Arka planda ise dijital altyapıyı sağlayan Big Tech var. Google, Apple, Meta, Amazon gibi şirketler artık sadece teknoloji firması değil, para kontrolcüsü.

Ve tabii ki Gates Vakfı ve Dünya Ekonomik Forumu.
Gates, Hindistan’da dijital kimlik projelerine milyarlar yatırdı.
WEF Başkanı Klaus Schwab ise dünyayı “her şeyin dijitalleştiği bir yeniden kurulum”a çağırıyor.
Cümle net:

“You’ll own nothing, and you’ll be happy.”
“Hiçbir şeye sahip olamayacaksınız ve mutlu olacaksınız.”

Son olarak, işin güvenlik kısmı:
Devletler “kara para, terör, kayıt dışılık” diyerek, sistemin tamamını dijitalleştirmenin güvenlik gerekçesine sarılıyor.
Ama esas mesele şu:
Herkesi kayıt altına almak. Suçluları değil, herkesi.

 

Nakit Neyi Temsil Ediyordu?

Nakit sadece bir kâğıt parçası değil.

-Bağımsızlıktı. İnternet yoksa da çalışırdı.

-Özgürlüktü. Kime verdiğinizin kaydı tutulmazdı.

-Krize karşı kalkandı. Sistem çökerse, cebinizde yine bir şey vardı.

Bugün bu kalkan elimizden alınıyor.

Kolaylık mı, Kontrol mü?

Nakitsiz toplum, kolaylık gibi görünüyor.
Ama bu kolaylık, özgürlük pahasına mı sağlanıyor?

Paranız olabilir. Ama artık onu siz değil, sistem kullanıyor olabilir.
Ne zaman, nerede, ne kadar harcayacağınızı size değil, ağlara bağlı algoritmalar söylüyorsa…
Bu artık sizin paranız değil, sadece size verilmiş bir izin kodudur.

Nakitsizliğin Görünmeyen Bedeli

Dışarıdan bakınca rahat: Cebiniz yok, cüzdan taşımazsınız.
Ama görünmeyen katmanlar çok daha riskli.

Her harcama izlenebilir.
Eskiden bir kahve aldığınızda kimse bilmezdi. Şimdi, saat kaçta, neredeydiniz, kaçıncı kez kahve alıyorsunuz, her şey veri.

Anlık müdahale mümkün.
Devlet ya da dijital altyapıyı yöneten şirket, “bu ürünü artık alamazsın” diyebilir.
İsterseniz paranız olsun.
Harcama alanı size ait değilse, paranız sadece bir görüntü.

Yoksullar için başka bir sorun başlıyor.
Teknolojik altyapıya erişimi olmayanlar, dijital cüzdan sahibi olamayanlar dışlanıyor.
Yani nakit gitmekle kalmıyor, dijital sınıflar oluşuyor.

Ve kriz anları.
Elektrik yok.
İnternet kesildi.
Siber saldırı oldu.
Yapay zekâ hata yaptı.
Dijital para erişilemez hale gelir.
Ama o anda cebinizde bir 100 lira olsaydı, bir somun ekmek alabilirdiniz.
Olasılık değil bu.
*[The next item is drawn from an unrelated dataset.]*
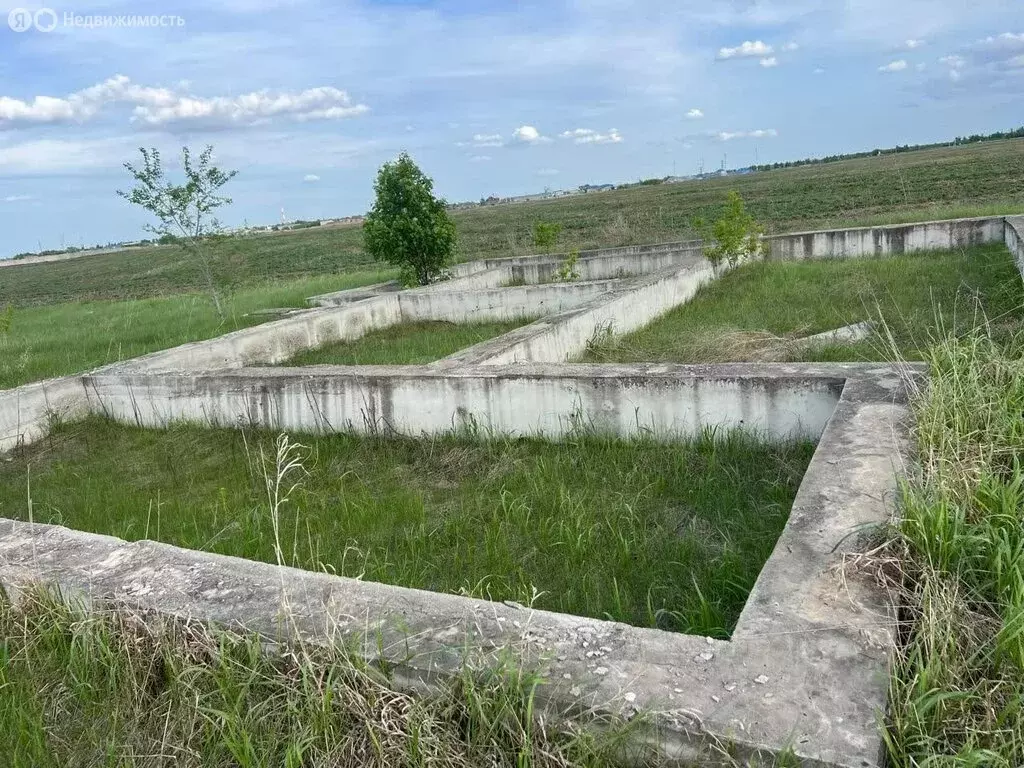 Участок в Омский район, село Дружино (20696 м) - Фото 1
Venezuela, Lübnan ve Sri Lanka gibi ülkeler bu kaosu yaşadı.

İyi Vatandaş Değilsen Sistem Seni Dışarı Atar

Nakitsiz toplum deyince aklımıza hep şık kahve bardakları, tek dokunuşla ödeme, pratiklik geliyor.
Ama bu sistemin karanlık bir tarafı var: “iyi vatandaş” değilsen, sistem dışısın.

Sistemin seni ödüllendirmesi ya da cezalandırması artık bankaya borcunu ödeyip ödememenden ibaret değil.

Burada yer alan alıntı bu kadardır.